Roxana Baldetti muss wegen eines Bestechungsskandals abtreten. Das schwache Justizsystem braucht weiterhin internationale Hilfe.

DemonstrantInnen bejubeln ihren Sieg über die Korruption. Bild: ap

BERLIN taz | Autokorsos fuhren hupend durch Guatemala-Stadt, auf den Plätzen trafen sich die Anwohner zum Feiern, Leuchtraketen stiegen in den Himmel. Es war gerade so, als hätte Guatemala einen Sieg in einem wichtigen Fußballländerspiel errungen – dabei hatte die Regierung gerade ihre schwerste Niederlage erlitten: Vizepräsidentin Roxana Baldetti von der rechten „Patriotischen Partei“ ist am Freitag wegen Korruptionsverdachts zurückgetreten. Präsident Otto Pérez Molina, ein ehemaliger General, sprach in einer kurzen Pressekonferenz schmallippig von „persönlichen Gründen“ und einer „mutigen Entscheidung“.

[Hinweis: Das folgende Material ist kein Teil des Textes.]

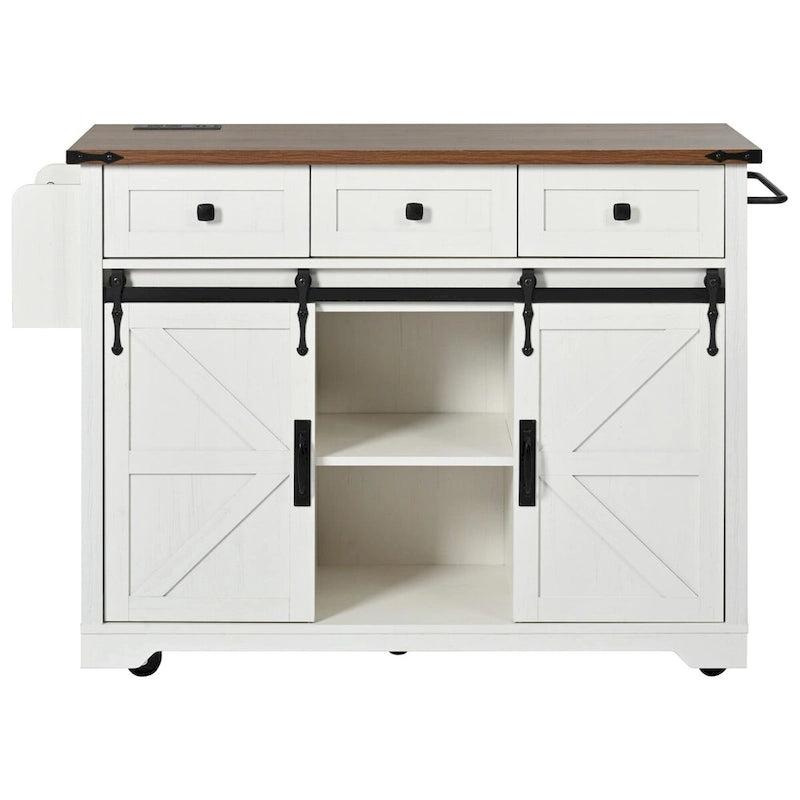 Farmhouse Kitchen Island with Power Outlet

Es war eine Flucht aus dem Amt. Schon Mitte der Woche hatte der Oberste Gerichtshof die Immunität Baldettis aufgehoben, das Parlament war der Entscheidung mit großer Mehrheit gefolgt. Am Wochenende zuvor waren 15.000 Menschen vor den Nationalpalast gezogen und hatten nicht nur den Rücktritt der Vizepräsidentin gefordert, sondern auch den von Pérez Molina.

Der Grund: Mitte April hatte die von den Vereinten Nationen gestellte „Internationale Kommission gegen die Straffreiheit in Guatemala“ (Cicig) gemeinsam mit der Staatsanwaltschaft ein kriminelles Netzwerk im Zoll offengelegt, das von Importeuren Schmiergelder kassierte und ihnen dafür die Importsteuern erließ. Einzelne Mitglieder der Bande sollen da innerhalb einer Woche über 300.000 US-Dollar eingesackt haben.

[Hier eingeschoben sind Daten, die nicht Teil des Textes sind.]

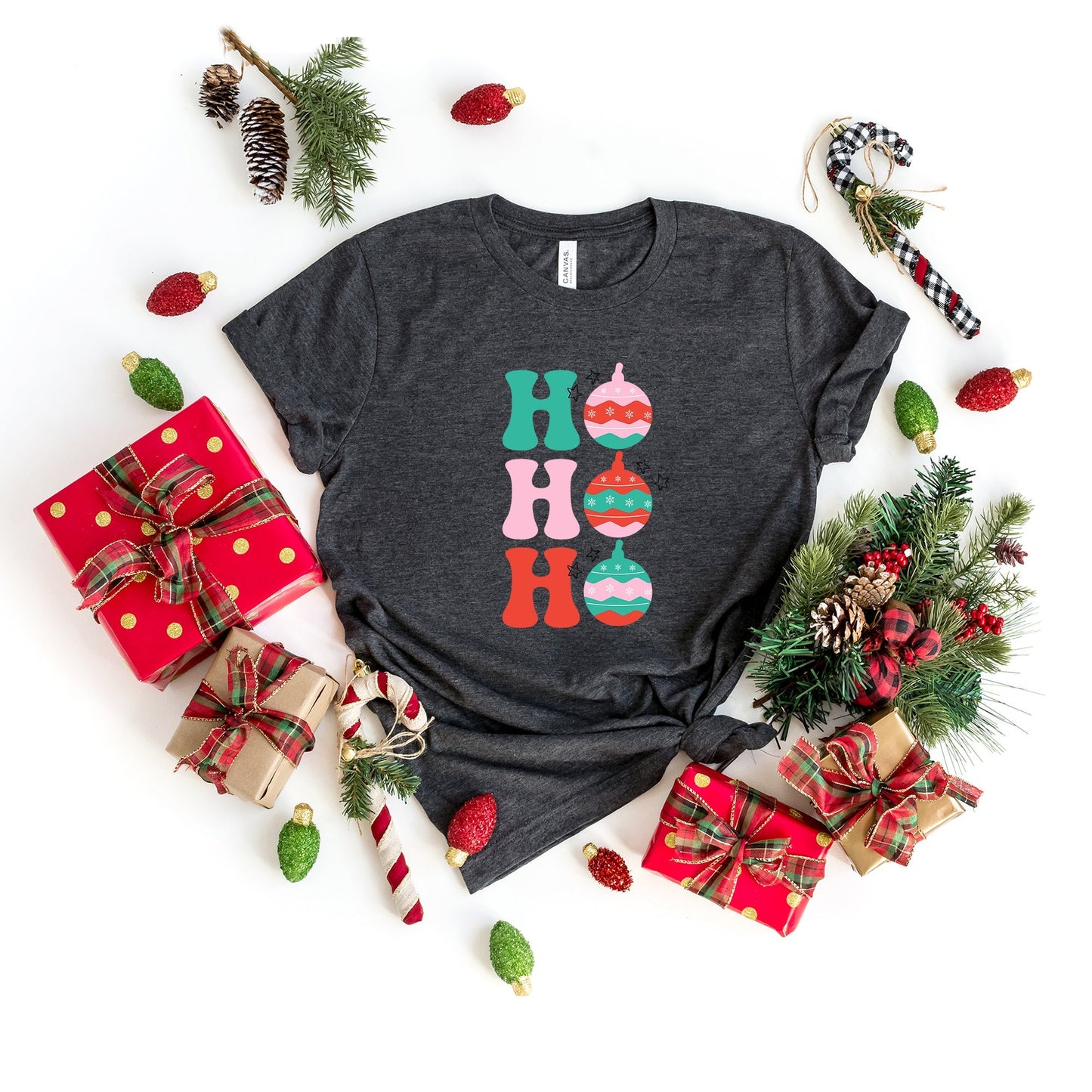 Ho Ho Ho Ornaments | Short Sleeve Crew Neck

27 Regierungsfunktionäre wurden inzwischen verhaftet. Der Kopf des Netzwerks soll der seither untergetauchte Juan Carlos Monzón sein, der Privatsekretär der Vizepräsidentin. Baldetti soll ihm bei der Flucht geholfen haben. Auch sie selbst scheint tief im Korruptionssumpf zu stecken: In über 60.000 abgehörten Telefongesprächen zwischen den Bandenmitgliedern ist oft von der „R.“ (wie Roxana) die Rede, von der „Señora“ oder der „Nummer zwei“.

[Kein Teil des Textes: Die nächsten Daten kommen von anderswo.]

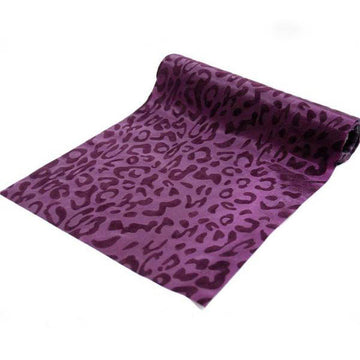 Eggplant Leopard Print Taffeta Fabric Roll, DIY Animal Print Fabric Bolt 12"x10 Yards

Dass die Ermittlungen gegen „La Linea“ jetzt öffentlich gemacht wurden, war wie ein Befreiungsschlag für Cicig. Die 2007 eingerichtete Gruppe soll das als korrupt geltende Justizsystem Guatemalas auf Vordermann bringen und exemplarische Fälle selbst untersuchen. Mitte April musste der Präsident darüber befinden, ob die Cicig-Mission für weitere zwei Jahre verlängert wird. Man war davon ausgegangen, dass er das im Mai endende Mandat auslaufen lässt. Pérez Molina muss befürchten, nach dem Ende seiner Amtszeit am 16. Januar 2016 selbst ins Visier von Cicig zu geraten.

Es gibt Zeugenaussagen, die den Präsidenten in seiner Zeit als General im Bürgerkrieg (1960 bis 1996) für Massaker an der Zivilbevölkerung verantwortlich machen. 1998 wurde er mit dem Mord an dem Bischof Juan Gerardi in Verbindung gebracht. Seit er 2011 zum Präsidenten gewählt wurde, versucht er, sich international als liberalen Politiker darzustellen und hat sich eine Zeit lang für eine teilweise Legalisierung von Marihuana eingesetzt. Hätte er angesichts der Ermittlungen gegen seine Vizepräsidentin das Mandat von Cicig nicht verlängert, wäre diese liberale Fassade zusammengebrochen. Im letzten Moment entschied er: Die internationalen Staatsanwälte dürfen bleiben.

Trotzdem ist der Schlag gegen „La Linea“ nicht nur ein Erfolg für Cicig. Er zeigt zwar, dass in Guatemala Staatsanwälte erfolgreich gegen hochrangige Politiker vorgehen können. Aber er zeigt auch, dass dies ohne internationale Hilfe immer noch nicht möglich ist. In den acht Jahren ihrer Arbeit ist es der Mission nicht gelungen, ein starkes unabhängiges guatemaltekisches Justizwesen aufzubauen.